Required work: Lines before the one containing "Gedhong Hostel Batununggul" are excluded; reproduce that line and all lines after it in the entries below, exactly.

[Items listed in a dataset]
=== Section Start ===
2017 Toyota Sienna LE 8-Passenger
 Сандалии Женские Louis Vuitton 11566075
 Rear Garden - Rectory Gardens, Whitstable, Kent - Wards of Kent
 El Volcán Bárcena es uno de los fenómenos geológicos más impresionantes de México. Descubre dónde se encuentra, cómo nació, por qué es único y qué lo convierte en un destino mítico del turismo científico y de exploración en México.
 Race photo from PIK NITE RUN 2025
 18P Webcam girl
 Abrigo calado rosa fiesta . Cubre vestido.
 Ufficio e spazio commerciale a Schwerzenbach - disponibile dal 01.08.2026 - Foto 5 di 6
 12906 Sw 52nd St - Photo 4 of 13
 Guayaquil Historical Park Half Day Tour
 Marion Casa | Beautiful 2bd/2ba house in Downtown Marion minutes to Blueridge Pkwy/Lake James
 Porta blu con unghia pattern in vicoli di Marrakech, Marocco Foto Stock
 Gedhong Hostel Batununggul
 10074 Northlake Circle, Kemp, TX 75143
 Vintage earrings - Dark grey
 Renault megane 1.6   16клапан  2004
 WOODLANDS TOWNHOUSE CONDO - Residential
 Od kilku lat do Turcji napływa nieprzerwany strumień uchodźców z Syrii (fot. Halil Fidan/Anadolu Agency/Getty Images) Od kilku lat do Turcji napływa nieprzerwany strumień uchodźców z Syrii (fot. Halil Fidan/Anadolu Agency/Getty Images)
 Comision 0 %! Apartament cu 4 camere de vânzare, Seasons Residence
=== Section End ===
Reply to the task:
 Gedhong Hostel Batununggul
 10074 Northlake Circle, Kemp, TX 75143
 Vintage earrings - Dark grey
 Renault megane 1.6   16клапан  2004
 WOODLANDS TOWNHOUSE CONDO - Residential
 Od kilku lat do Turcji napływa nieprzerwany strumień uchodźców z Syrii (fot. Halil Fidan/Anadolu Agency/Getty Images) Od kilku lat do Turcji napływa nieprzerwany strumień uchodźców z Syrii (fot. Halil Fidan/Anadolu Agency/Getty Images)
 Comision 0 %! Apartament cu 4 camere de vânzare, Seasons Residence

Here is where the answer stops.